# Question regarding electron's charge in its orbital

I am a 12th grade student. I recently came across a statement that

An electron (like a photon) is neither a wave nor a particle. It is merely a solution to its wave function at that point.

Thus, solving the wavefunction of an electron in some atom (& limiting ourselves only to points of 90% probability), we get the electron's atomic orbital.
We cannot predict the exact location of an electron in an atom (at a given moment, or even at some moment in the future); we can only say with fair certainty that the electron would be (somewhere) in its orbital.

My questions are:

1. Does the charge of the electron "travel" along with it, as the electron "moves" (unpredictably) in its orbital?
2. Would this cause the electric field outside (or even inside) the atom at some point to fluctuate with time?
3. Would the atomic orbital possess some (time averaged) "average charge density"? If so, can you provide me some hint on how to solve for it?

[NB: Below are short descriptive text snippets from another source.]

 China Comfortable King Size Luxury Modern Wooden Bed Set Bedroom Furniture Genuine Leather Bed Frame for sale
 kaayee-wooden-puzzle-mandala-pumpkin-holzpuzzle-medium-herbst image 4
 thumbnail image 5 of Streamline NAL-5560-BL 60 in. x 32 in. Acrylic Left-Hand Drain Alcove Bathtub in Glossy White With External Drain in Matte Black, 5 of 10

(Please let me know if my understanding of electrons in orbitals is completely wrong - I feel uncomfortable with it at times)

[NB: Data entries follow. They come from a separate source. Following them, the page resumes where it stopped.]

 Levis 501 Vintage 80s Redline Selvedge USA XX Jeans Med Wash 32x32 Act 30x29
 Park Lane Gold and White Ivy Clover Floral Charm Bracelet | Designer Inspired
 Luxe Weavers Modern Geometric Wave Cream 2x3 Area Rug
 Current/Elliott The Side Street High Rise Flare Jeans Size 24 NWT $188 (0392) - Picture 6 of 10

• "We cannot predict the exact location of an electron in an atom" - it's more subtle than that isn't it? That is, it's not that we cannot predict the exact location, it's that the electron (in a definite energy state) does not have an exact location, i.e., a definite energy state is not a state of definite position. Jun 5, 2022 at 12:49

Within quantum mechanics, it isn't a good idea to picture the electron and its wavefunction separately. The electron $$is$$ the wavefunction, so it doesn't "move inside" it. So it doesn't have a position that we just can't measure, it simply doesn't have a defined position.